Not to brag about my wealth but a well-known billionaire has recently been begging me for “5, 10…even 25 dollars”.
Me: My bed is so warm and cosy. I never want to leave.
Bladder: AHAHAHAHAHAHAHA
When I say that I’m on low battery and can’t talk, rest assured I’m never talking about my phone.
1st date:
(don’t let her know how self centered you are)Me: what’s your favorite thing that I’ve said so far tonight?
i’m torn between getting my own personal jesus or getting a large jesus to share with the whole table
I just wish I had the confidence of my husband who thinks everything only takes 5 minutes.
Trying out a new chicken fried steak recipe tonight because I think it’s important for my kids to learn to reject lots of different kinds of foods.
When I said I like it rough.. I meant sex, not the entire relationship.
What’s it called when a super model wants to date an accountant?
Wishful thinking.

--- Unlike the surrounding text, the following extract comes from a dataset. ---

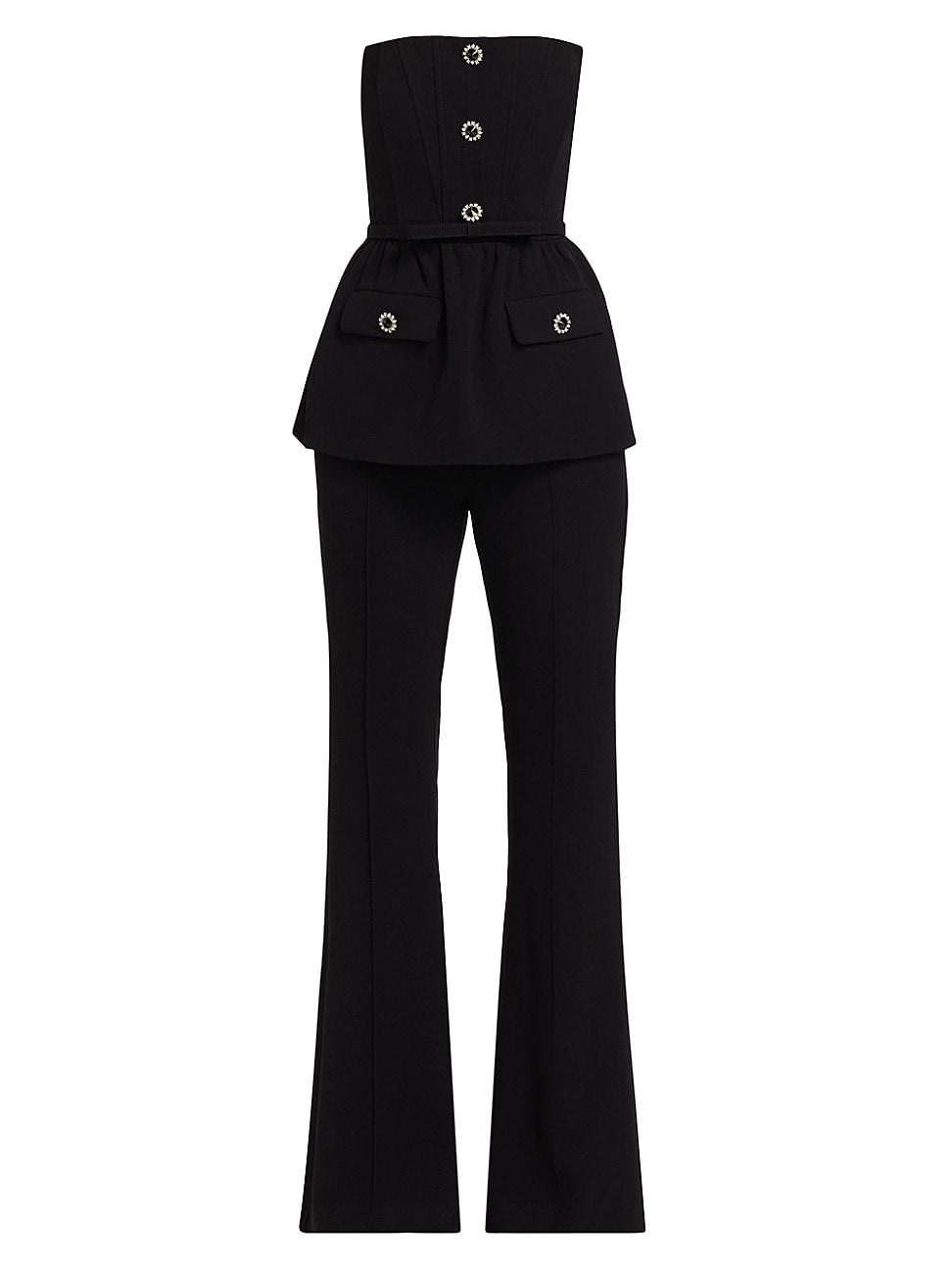 Womens Crystal-Embellished Stretch-Crpe Jumpsuit Product Image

Obviously
Everyone is fighting a battle (with goblins) that you know nothing about (because you failed a perception check)
wanton disregard: extreme lack of care for the well-being or rights of another individual
wonton disregard: using wontons as the target at a shooting range
Kylo Ren: I will finish what you started
Me (running relay race): dude just take the baton
I haven’t won anything since I did my kid’s fifth grade science fair project.
interviewer: what are your strengths?
me: I know where you live
Can’t decide if I want to join a cult or a woodchipper.
Facebook…because you need to get into a political argument with someone you haven’t seen since the sixth grade.
Therapist: What might you say to your husband next time you’re having this communication issue?
Me: I’m sorry your parents never taught you to use your big boy words but that is not my job so get it together
Therapist: No
Sorry I said “You’ll do” instead of “I do” at our wedding.
Just discovered that the self checkout area is not what you’d think.